La furbata del Professore

Francesco Damato

Ai parlamentari e dirigenti dei partiti d’opposizione che hanno mostrato a botta calda una certa ammirazione per le misure «liberalizzatrici» adottate dal governo su taxi, farmacie, assicurazioni, banche e tariffe professionali, rammaricandosi di non averle viste prendere da Silvio Berlusconi nella scorsa legislatura, vorrei chiedere di non scambiare per coraggio la flaccida furbizia di Romano Prodi. Il quale, peraltro aiutato dalle scomposte reazioni dei tassisti, che protestano appiedando senza preavviso i loro incolpevoli clienti comuni, non certo le varie nomenclature protette nelle solite auto blu, ha voluto solo dirottare l’attenzione degli elettori moderati incautamente caduti il 9 aprile nella sua trappola elettorale. E che si ritrovano adesso un governo sempre più ostaggio della sinistra antagonista, come dimostrano le contorsioni in politica estera prodotte dalla concorrenza fra i comunisti di Fausto Bertinotti e di Oliviero Diliberto. Persino Eugenio Scalfari,pur cogliendo al volo l’occasione per tessere domenica scorsa sulla sua Repubblica elogi in qualche modo riparatori delle durissime critiche formulate all’indomani del ritorno di Prodi a Palazzo Chigi, non ha potuto negare il valore più simbolico che reale delle «liberalizzazioni» appena decise.

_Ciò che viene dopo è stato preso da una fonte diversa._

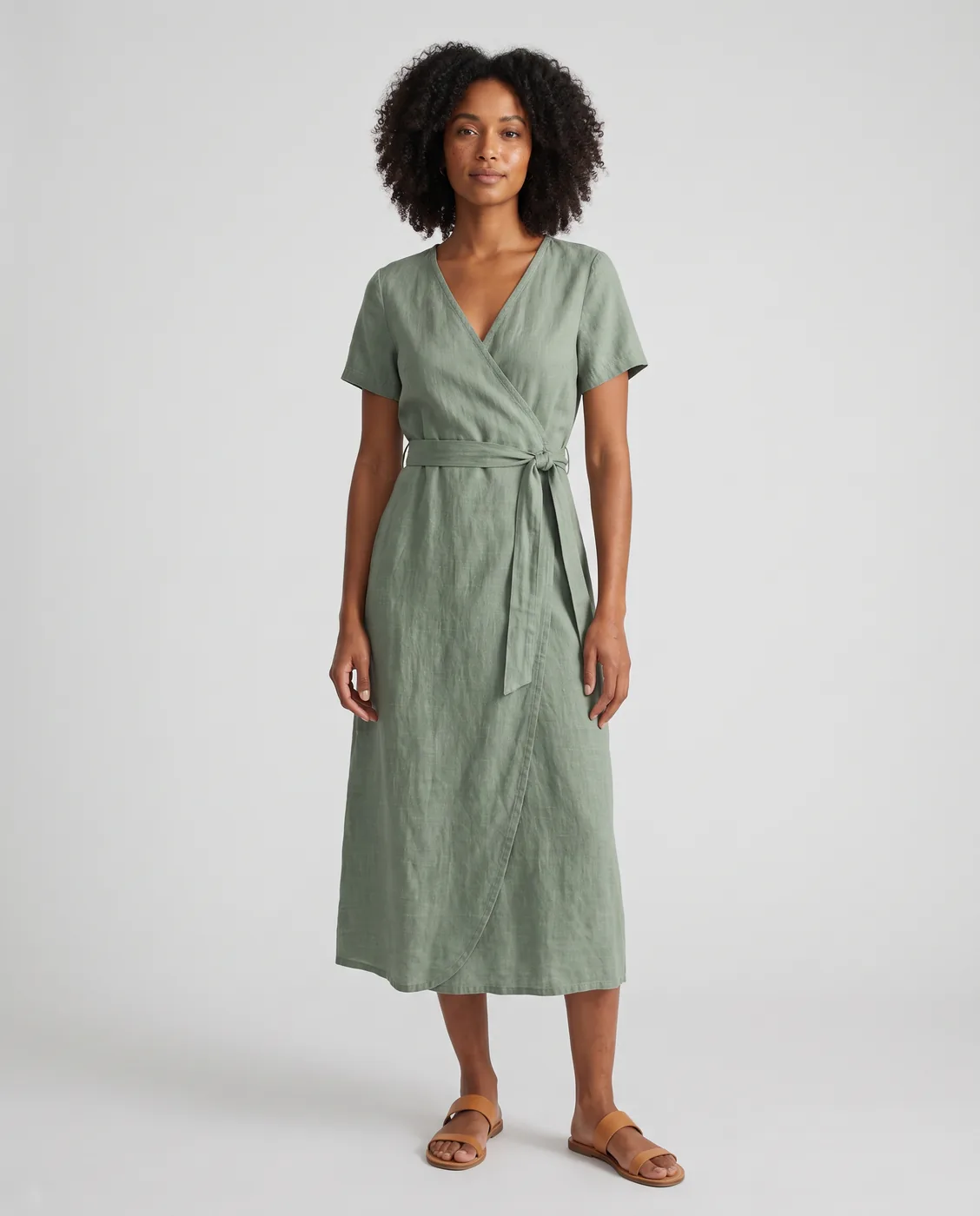 Mannequin virtuel portant la même robe en lin vert sauge, en pied sur fond studio gris clair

Esse hanno infatti toccato settori solo «marginali», peraltro sfuggendo - anche se Scalfari lo ha ignorato - alla pratica della cosiddetta concertazione tanto decantata dal presidente del Consiglio. Evidentemente chi non è protetto dai grandi e politicizzatissimi sindacati, a cominciare dalla Cgil, non ha diritto ad alcuna forma di contrattazione o consultazione. Quello fornito da Prodi e dalla sua squadra, che verrebbe la voglia di chiamare squadraccia se non si fosse trattenuti dalla paura di buttare benzina sul fuoco di certe scomposte forme di protesta, è un modello veramente strano di democrazia, in cui si alternano pulsioni autoritarie e cedimenti verticali secondo la debolezza o la forza degli interlocutori.
Non ha certamente torto Gianfranco Fini quando rimprovera a Prodi di avere trovato il coraggio d'intervenire «solo sull’anello più debole della catena» dei privilegi, risparmiando «i grandi monopoli» che da sempre, pubblici o privati che siano rimasti o diventati, fanno di noi consumatori e utenti carne da macello.

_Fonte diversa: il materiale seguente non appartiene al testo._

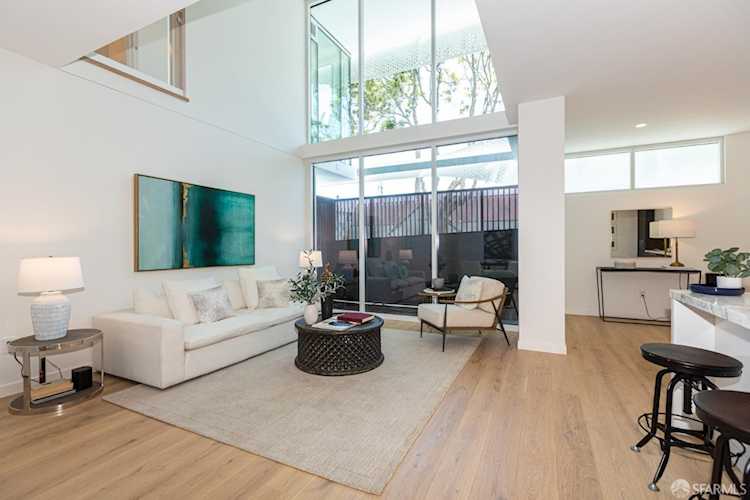 3131 Pierce Street #101 San Francisco, CA 94123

Mi piacerebbe però che Fini ricordasse questa verità anche al suo collega di partito Gianni Alemanno, fra i primi a compiacersi delle misure adottate dal presidente del Consiglio e a dolersi delle mancate occasioni del governo precedente. Al quale proprio lui, con l’aiuto di altri ministri e partiti o correnti del centrodestra, pur di non compromettere gli stanziamenti destinati alla corporazione delle guardie forestali calabresi e simili, impedì di apportare tagli alle imposte sui redditi nella misura proposta da Berlusconi.
A proposito di quei tagli, Prodi contestò dall’opposizione la possibilità, pur sperimentata già all’estero, che riducendo le imposte si liberassero risorse per lo sviluppo e si producessero in prospettiva maggiori entrate.

I dati sull’autotassazione di giugno hanno dato ragione alla politica fiscale di Berlusconi, non certo a Prodi, che però ha potuto trarne vantaggio politico riducendo l’entità della manovra di aggiustamento dei conti di quest’anno, senza avere naturalmente il coraggio, o solo l’onestà, di ammetterlo.